Among monocots, the partial transcriptomes or genomes of CAM orchids in the genus Phalaenopsis have been characterized [46-50]. The transcriptome [51] and genome (R. Ming, personal communication) of pineapple (Ananas comosus) are also being sequenced. RNA-sequencing (RNA-seq) and quantitative whole-transcriptome analysis has been performed in young (C3) and mature (CAM) leaves of Agave americana (X. Yang, unpublished) and across the leaf developmental gradient in several Agave species, including Agave deserti [52], Agave sisalana [53] (J. Hartwell, unpublished), and Agave tequilana [52, 54]. Systematic analysis of gene expression patterns along such developmental gradients are expected to reveal putative regulatory factors involved in the establishment and daily optimization of CAM, in a manner similar to the establishment of the developmental profile of C4 photosynthesis in maize (Zea mays) leaves [55, 56].

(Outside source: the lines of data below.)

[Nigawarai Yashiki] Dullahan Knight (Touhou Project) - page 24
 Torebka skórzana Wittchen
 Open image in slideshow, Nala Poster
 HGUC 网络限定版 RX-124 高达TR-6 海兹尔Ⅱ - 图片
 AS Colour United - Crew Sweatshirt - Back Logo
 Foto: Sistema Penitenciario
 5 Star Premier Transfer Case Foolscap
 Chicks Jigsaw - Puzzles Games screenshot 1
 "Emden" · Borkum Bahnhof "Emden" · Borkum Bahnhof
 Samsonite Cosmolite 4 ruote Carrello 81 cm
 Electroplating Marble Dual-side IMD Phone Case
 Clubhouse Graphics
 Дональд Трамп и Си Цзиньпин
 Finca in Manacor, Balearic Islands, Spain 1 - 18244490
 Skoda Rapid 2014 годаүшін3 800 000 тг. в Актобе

Among core eudicots, several species have emerged as genetic and ecophysiological models for CAM, including the common ice plant (Mesembryanthemum crystallinum), in which CAM is induced following the imposition of salinity or water-deficit stress and Clusia minor, in which CAM is rapidly inducible and reversible [57]. Comparative messenger RNA (mRNA) expression profiling experiments in M. crystallinum performing C3 and CAM have revealed changes in the abundance of mRNAs encoding key enzymes for CAM [58]. However, the use of facultative CAM species requires that mRNA responses to the stresses used to induce CAM (e.g., high salinity or water deficit) must be distinguished from those associated specifically with CAM.

Within the Crassulaceae, obligate CAM species, such as Kalanchoë fedtschenkoi, Kalanchoë daigremontiana, and Kalanchoë laxiflora, develop CAM as leaves expand from the shoot apical meristem [59], even under well-watered conditions [60]. Quantitative RNA-seq comparisons are underway between developmentally immature, C3-performing leaves and mature, CAM-performing leaves in these species to discover CAM-specific genes (J. Hartwell, unpublished). Kalanchoë species are readily transformable [61, 62], and thus represent a powerful model system for probing the function of genes and regulatory elements essential for CAM via transgenic RNA interference and overexpression approaches. The genome and transcriptome sequence data being generated for K. fedtschenkoi and K. laxiflora should dramatically expand the possibilities for CAM functional genomics within Kalanchoë. Genome sequence information has been generated for another member of the Crassulaceae, the inducible CAM-cycling species Sedum album [63] (T.P. Michael, unpublished). Lastly, partial transcriptome information is available for a second member of the Caryophyllales, Opuntia ficus-indica [64], which is the most widely cultivated member of the cactus family [65].

Comparative CAM genomics

Comparative transcriptomic and genomic approaches can be used to discern CAM gene function by comparing the expression patterns of known CAM enzymes and transporters among closely related C3 and CAM species within the same genus or family that show C3, weak CAM, and strong CAM [23]. Comparative genome and transcriptome sequencing studies of C3 and C4 model species from diverse taxonomic origins do not support the duplication or expansion of C4 pathway genes or the long-standing hypothesis that C4 photosynthesis has been facilitated by gene duplications followed by neofunctionalization [42]. Similarly, comparative analysis among CAM species is expected to provide informative examples of either parallel or convergent evolutionary events leading to CAM as transcriptome and genome sequence information becomes available (Figure 2).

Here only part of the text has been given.